(Beginning of INPUT MATERIAL)

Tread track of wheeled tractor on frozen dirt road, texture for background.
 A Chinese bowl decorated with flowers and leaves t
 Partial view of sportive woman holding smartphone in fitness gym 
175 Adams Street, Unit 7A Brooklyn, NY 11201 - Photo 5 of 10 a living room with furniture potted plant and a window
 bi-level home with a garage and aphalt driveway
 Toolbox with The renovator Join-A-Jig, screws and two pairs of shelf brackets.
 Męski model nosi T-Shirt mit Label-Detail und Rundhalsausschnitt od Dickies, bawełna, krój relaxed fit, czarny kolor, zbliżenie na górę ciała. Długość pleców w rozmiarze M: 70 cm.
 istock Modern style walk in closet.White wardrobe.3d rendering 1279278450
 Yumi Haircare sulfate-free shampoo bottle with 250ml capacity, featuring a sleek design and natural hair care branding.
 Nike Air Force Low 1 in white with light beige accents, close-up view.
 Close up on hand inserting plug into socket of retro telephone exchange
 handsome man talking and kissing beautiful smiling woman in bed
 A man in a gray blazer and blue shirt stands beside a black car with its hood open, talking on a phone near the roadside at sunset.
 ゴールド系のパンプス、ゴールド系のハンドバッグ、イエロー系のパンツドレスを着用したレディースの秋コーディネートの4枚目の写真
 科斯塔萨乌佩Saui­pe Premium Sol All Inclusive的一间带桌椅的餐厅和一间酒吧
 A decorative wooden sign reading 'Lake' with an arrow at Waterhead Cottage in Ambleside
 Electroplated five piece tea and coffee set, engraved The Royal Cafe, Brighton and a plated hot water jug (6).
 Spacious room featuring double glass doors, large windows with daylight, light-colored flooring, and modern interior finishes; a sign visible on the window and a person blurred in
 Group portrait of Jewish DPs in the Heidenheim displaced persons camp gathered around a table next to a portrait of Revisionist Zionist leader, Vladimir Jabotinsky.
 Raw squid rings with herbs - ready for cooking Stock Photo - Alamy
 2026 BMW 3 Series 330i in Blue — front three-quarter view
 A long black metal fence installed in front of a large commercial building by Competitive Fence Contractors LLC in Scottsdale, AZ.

(End of INPUT MATERIAL)

- ABOUT THIS EXERCISE -
Your answer is the line containing "2026 BMW 3 Series" plus every line after it through the end of the entries, given again exactly and alone.

- FINISHED EXERCISE -
 2026 BMW 3 Series 330i in Blue — front three-quarter view
 A long black metal fence installed in front of a large commercial building by Competitive Fence Contractors LLC in Scottsdale, AZ.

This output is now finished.